The fact it has taken so long, despite Everton winning the league five times in the period, points to their inconsistency, illustrated perfectly when they followed their 1970 championship-winning season by finishing 14th.

The few years when the clubs did not play in the same division are not counted in the run but there is still a long period where Liverpool can claim to have had the upper hand.

After being the dominant force in the English game in the late 1970s and 1980s, Liverpool briefly ceded power to their neighbours.

Yet even though Everton won the league in 1985 and '87 - with Liverpool second both times - Liverpool took the honours in between, rubbing it in by completing the 1986 double by beating league runners-up Everton in the FA Cup final.

But where Liverpool have managed back-to-back titles several times over the decades, Everton have never strung two together in the nine times they have been English champions.

It is perhaps therefore telling that they are on the cusp of ending this 76-year wait under a manager whose name is uttered in the same sentence as consistency as much as gritty and sometimes boring.

Moyes has been in the Goodison Park hot seat since 2002, making him the third-longest serving in the Premier League behind Manchester United's Alex Ferguson and Arsenal's Arsene Wenger.

The Scot, whose contract expires this summer, has won admirers for building a competitive team on a limited budget and by the end of this season will have led Everton to seven successive top-half finishes and nine in total.

Critics point to a lack of silverware as a shortcoming in this period of stability, with defeat in the 2009 FA Cup final the closest they have home to a trophy, and a lack of thrills.

While they have enjoyed being something of a bogey team for the bigger teams, with a 4-4 and 3-3 draws against Manchester United and two league victories over them in the past four seasons, some moments on the big stage have been less inspired.
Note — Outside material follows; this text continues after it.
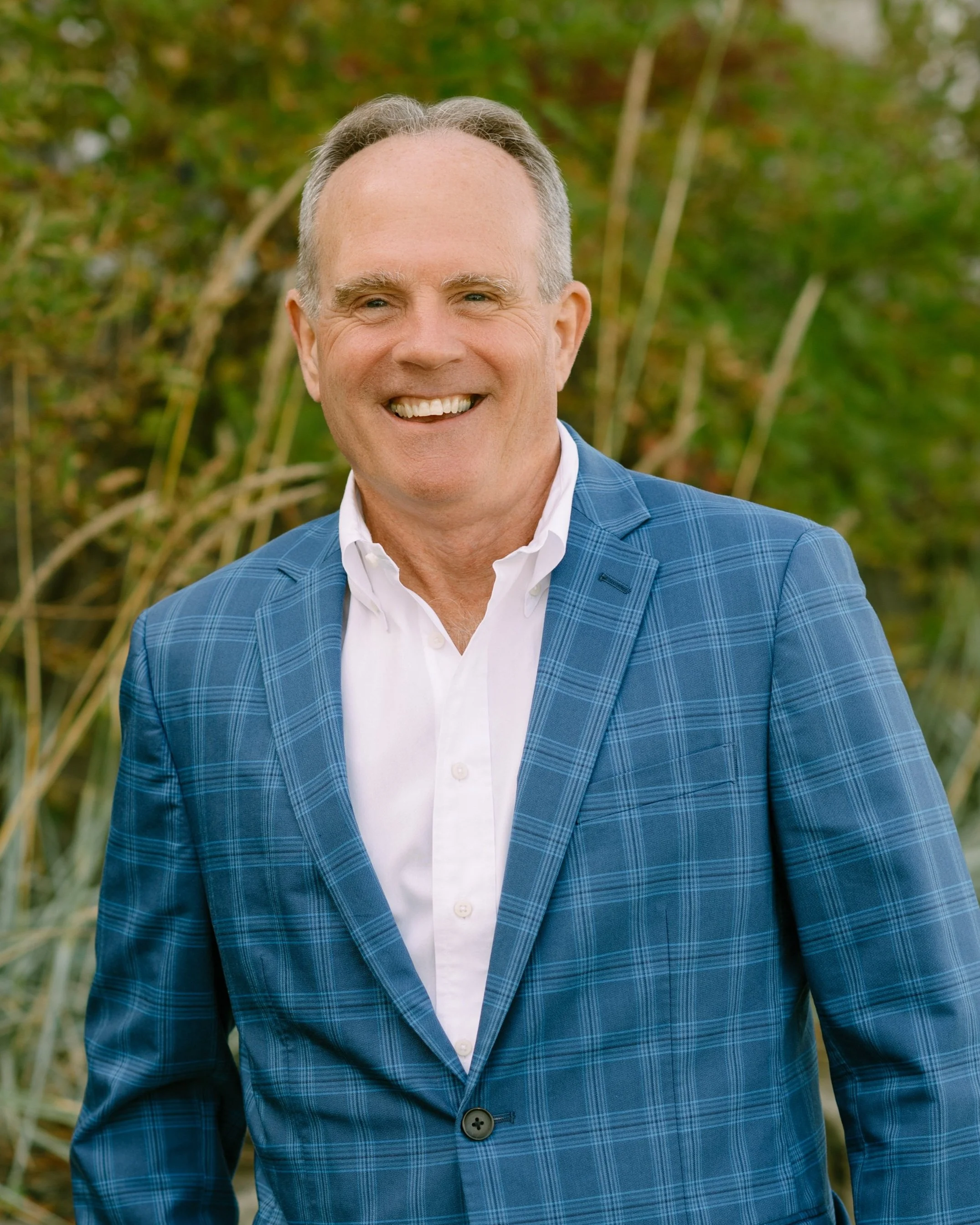 Wendell, Compliance and Accounting Specialist at Sterling Insurance Group, overseeing agency operations and financial controls with over 40 years of federal Medicare compliance and insurance contract management experience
In the FA Cup final against Chelsea four years ago, they took an exciting first-minute lead before shutting up shop and losing 2-1, while in the semi-final against Manchester United they went through on penalties after a drab 0-0 draw then lost to Liverpool in the semis last year.

The likes of Marouane Fellaini and Steven Pienaar have injected class into the team but there remains an overriding sense Everton are not fulfilling their promise when it counts - this year's 3-0 home FA Cup quarter-final defeat by Wigan Athletic a case in point.

They make the short trip to Anfield at their defensive best, however, having kept five clean sheets in seven games, which is ideal form in which to face a Liverpool who thumped Newcastle United 6-0 last weekend.

Liverpool, without their top scorer Luis Suarez who is serving a 10-game ban for biting Chelsea's Branislav Ivanovic, showed they can find goals from elsewhere in his absence and will be motivated to try to close the gap on Everton.

"We still have a chance of catching Everton and that's our target," Lucas, whose side are seventh with 54 points to Everton's 59 with three games to play, said in the Echo.

"We know we have to win if we want to finish a position higher than we are now.